───── Stored data ─────

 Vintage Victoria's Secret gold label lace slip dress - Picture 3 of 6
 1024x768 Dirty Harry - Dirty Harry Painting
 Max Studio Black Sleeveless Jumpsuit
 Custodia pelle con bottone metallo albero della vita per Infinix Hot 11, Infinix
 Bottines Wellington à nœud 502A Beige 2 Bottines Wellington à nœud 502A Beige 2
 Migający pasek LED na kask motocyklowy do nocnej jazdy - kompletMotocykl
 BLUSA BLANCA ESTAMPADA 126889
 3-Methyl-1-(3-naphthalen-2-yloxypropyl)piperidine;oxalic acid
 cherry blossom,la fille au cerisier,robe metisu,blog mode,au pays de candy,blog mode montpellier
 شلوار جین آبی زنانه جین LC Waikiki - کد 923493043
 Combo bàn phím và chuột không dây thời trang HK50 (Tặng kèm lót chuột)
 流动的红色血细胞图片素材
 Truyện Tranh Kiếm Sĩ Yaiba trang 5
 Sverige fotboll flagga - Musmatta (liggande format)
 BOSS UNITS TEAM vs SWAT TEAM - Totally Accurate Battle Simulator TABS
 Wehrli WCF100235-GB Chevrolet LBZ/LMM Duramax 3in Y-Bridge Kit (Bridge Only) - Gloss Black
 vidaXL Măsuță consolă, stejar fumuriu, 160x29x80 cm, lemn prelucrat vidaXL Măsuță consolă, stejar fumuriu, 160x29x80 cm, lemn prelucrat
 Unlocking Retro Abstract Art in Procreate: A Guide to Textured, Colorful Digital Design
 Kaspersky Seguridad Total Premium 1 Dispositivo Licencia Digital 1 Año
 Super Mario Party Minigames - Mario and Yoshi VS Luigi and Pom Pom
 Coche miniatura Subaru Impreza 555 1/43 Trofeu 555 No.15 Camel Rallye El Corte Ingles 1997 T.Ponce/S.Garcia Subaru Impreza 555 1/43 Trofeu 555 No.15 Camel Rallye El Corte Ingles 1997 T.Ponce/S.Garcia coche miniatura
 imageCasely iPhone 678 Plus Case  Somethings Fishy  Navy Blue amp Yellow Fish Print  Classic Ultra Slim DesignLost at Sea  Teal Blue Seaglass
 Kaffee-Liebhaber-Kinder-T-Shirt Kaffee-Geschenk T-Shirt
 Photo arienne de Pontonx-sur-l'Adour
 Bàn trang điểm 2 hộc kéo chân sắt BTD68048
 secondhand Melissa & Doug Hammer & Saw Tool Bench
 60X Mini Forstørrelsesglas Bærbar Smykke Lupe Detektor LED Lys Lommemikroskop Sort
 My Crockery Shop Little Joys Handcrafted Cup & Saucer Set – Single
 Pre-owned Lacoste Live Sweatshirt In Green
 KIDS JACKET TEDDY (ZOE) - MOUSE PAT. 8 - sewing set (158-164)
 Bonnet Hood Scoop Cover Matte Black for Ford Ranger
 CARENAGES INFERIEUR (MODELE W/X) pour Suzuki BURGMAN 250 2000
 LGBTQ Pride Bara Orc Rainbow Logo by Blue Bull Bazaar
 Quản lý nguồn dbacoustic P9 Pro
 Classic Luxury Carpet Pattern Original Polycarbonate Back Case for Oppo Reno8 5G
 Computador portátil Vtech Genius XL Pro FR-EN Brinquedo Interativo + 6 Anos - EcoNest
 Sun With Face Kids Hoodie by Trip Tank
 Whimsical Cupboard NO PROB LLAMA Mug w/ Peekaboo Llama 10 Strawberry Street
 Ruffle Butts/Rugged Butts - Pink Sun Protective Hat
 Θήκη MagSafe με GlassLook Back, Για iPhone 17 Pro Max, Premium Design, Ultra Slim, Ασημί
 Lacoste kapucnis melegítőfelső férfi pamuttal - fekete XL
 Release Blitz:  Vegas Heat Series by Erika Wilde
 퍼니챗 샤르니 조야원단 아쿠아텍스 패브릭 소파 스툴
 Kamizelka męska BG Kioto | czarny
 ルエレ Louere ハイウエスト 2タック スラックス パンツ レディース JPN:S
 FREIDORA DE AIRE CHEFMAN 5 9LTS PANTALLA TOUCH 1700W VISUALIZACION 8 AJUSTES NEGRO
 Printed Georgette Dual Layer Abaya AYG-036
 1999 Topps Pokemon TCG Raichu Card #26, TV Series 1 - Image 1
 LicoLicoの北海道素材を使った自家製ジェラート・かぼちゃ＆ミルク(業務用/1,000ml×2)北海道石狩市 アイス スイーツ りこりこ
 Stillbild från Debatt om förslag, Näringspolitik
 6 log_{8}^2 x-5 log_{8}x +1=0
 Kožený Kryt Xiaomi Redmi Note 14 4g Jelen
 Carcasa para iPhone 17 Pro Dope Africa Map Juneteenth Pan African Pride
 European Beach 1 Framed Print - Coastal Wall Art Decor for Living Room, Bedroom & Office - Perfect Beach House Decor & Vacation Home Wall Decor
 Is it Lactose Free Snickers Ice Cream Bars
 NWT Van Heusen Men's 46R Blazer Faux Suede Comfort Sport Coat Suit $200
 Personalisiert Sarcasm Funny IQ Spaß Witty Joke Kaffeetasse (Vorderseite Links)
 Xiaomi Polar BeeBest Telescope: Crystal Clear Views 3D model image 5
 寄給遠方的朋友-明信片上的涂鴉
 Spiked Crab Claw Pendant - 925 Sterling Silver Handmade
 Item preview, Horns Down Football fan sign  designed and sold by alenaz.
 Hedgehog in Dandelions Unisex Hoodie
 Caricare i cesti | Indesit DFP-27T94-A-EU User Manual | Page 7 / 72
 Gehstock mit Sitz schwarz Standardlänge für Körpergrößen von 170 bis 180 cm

─────

Task objective: Among the records above, a stretch begins at the line containing "My Crockery Shop" and ends at the line containing "1999 Topps Pokemon". Restate that stretch word for word, and nothing else.

The answer:
 My Crockery Shop Little Joys Handcrafted Cup & Saucer Set – Single
 Pre-owned Lacoste Live Sweatshirt In Green
 KIDS JACKET TEDDY (ZOE) - MOUSE PAT. 8 - sewing set (158-164)
 Bonnet Hood Scoop Cover Matte Black for Ford Ranger
 CARENAGES INFERIEUR (MODELE W/X) pour Suzuki BURGMAN 250 2000
 LGBTQ Pride Bara Orc Rainbow Logo by Blue Bull Bazaar
 Quản lý nguồn dbacoustic P9 Pro
 Classic Luxury Carpet Pattern Original Polycarbonate Back Case for Oppo Reno8 5G
 Computador portátil Vtech Genius XL Pro FR-EN Brinquedo Interativo + 6 Anos - EcoNest
 Sun With Face Kids Hoodie by Trip Tank
 Whimsical Cupboard NO PROB LLAMA Mug w/ Peekaboo Llama 10 Strawberry Street
 Ruffle Butts/Rugged Butts - Pink Sun Protective Hat
 Θήκη MagSafe με GlassLook Back, Για iPhone 17 Pro Max, Premium Design, Ultra Slim, Ασημί
 Lacoste kapucnis melegítőfelső férfi pamuttal - fekete XL
 Release Blitz:  Vegas Heat Series by Erika Wilde
 퍼니챗 샤르니 조야원단 아쿠아텍스 패브릭 소파 스툴
 Kamizelka męska BG Kioto | czarny
 ルエレ Louere ハイウエスト 2タック スラックス パンツ レディース JPN:S
 FREIDORA DE AIRE CHEFMAN 5 9LTS PANTALLA TOUCH 1700W VISUALIZACION 8 AJUSTES NEGRO
 Printed Georgette Dual Layer Abaya AYG-036
 1999 Topps Pokemon TCG Raichu Card #26, TV Series 1 - Image 1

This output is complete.